Start of Input records

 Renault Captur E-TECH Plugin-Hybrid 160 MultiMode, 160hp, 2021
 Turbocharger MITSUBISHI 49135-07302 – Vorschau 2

End of Input records
Start of Input records

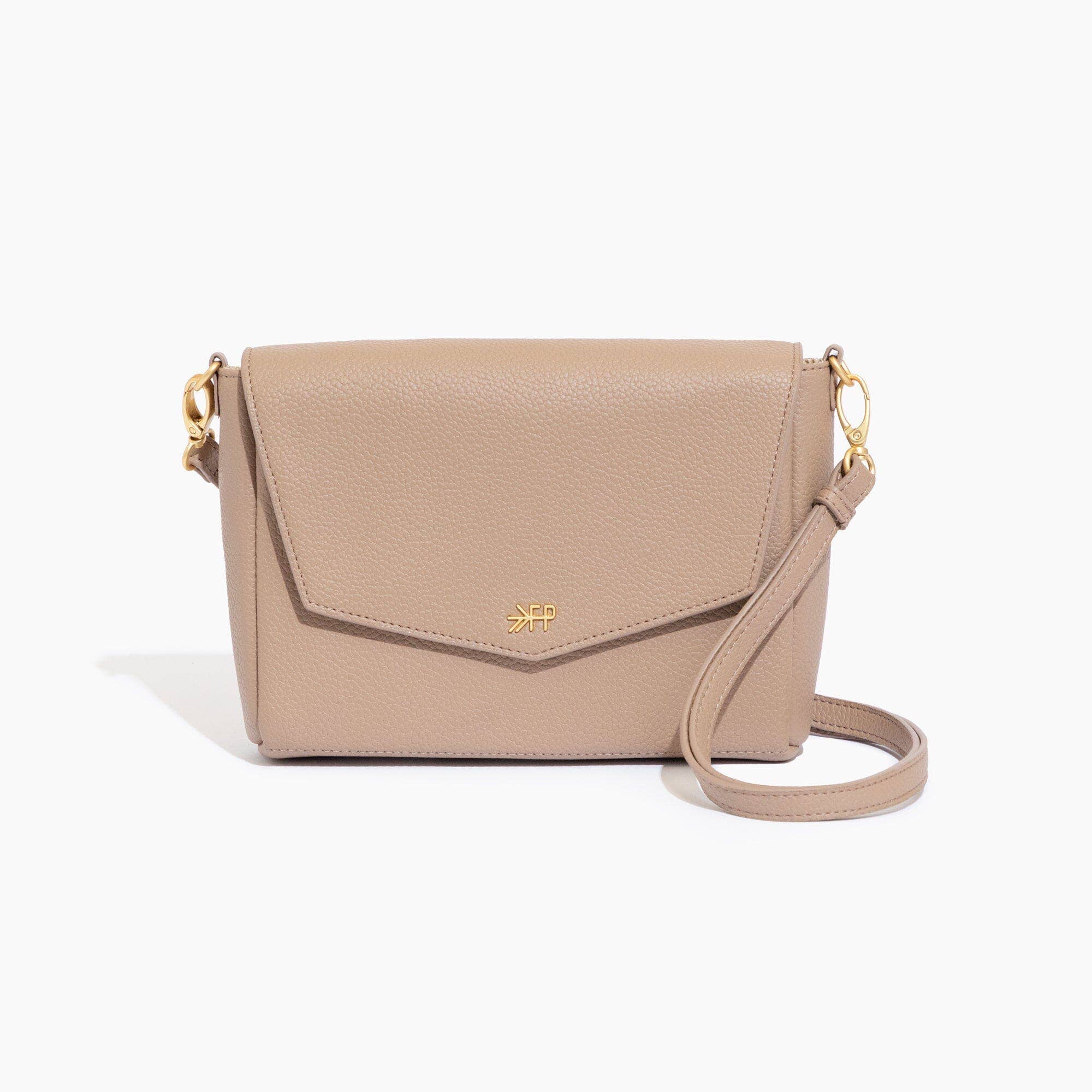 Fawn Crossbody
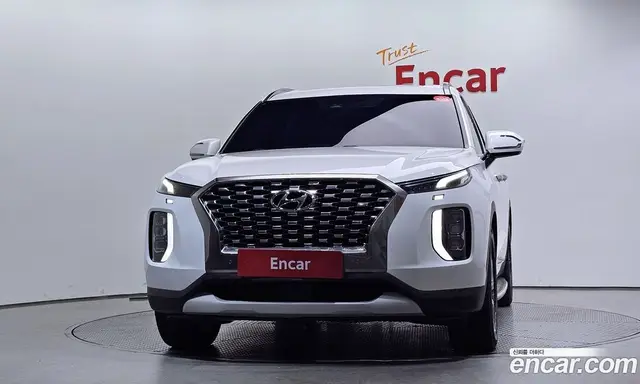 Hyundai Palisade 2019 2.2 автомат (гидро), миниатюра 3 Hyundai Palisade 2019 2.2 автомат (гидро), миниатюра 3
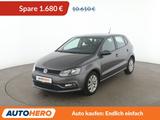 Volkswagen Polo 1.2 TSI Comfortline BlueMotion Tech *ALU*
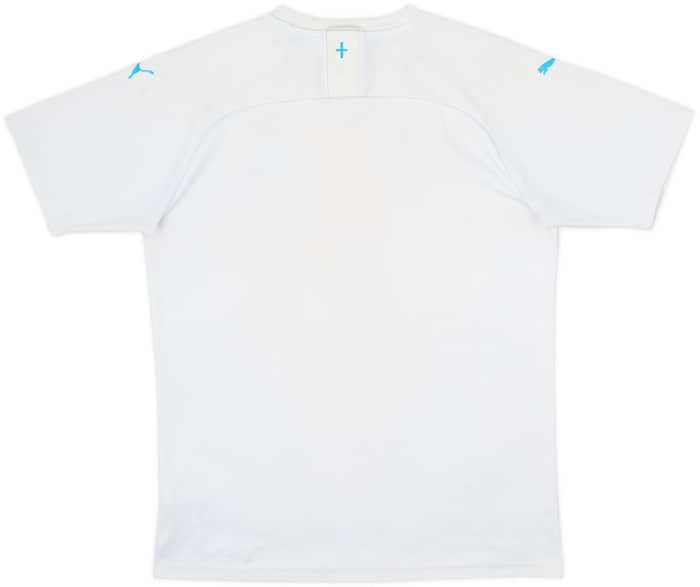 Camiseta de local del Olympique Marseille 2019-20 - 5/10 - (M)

End of Input records

> _Work order_
Write out exactly the run of lines above that starts at the line containing "Fawn Crossbody" and ends at the line containing "Camiseta de local". Include both, and leave the pictures out.

> _Answer for this exercise_
 Fawn Crossbody
 Hyundai Palisade 2019 2.2 автомат (гидро), миниатюра 3 Hyundai Palisade 2019 2.2 автомат (гидро), миниатюра 3
 Volkswagen Polo 1.2 TSI Comfortline BlueMotion Tech *ALU*
 Camiseta de local del Olympique Marseille 2019-20 - 5/10 - (M)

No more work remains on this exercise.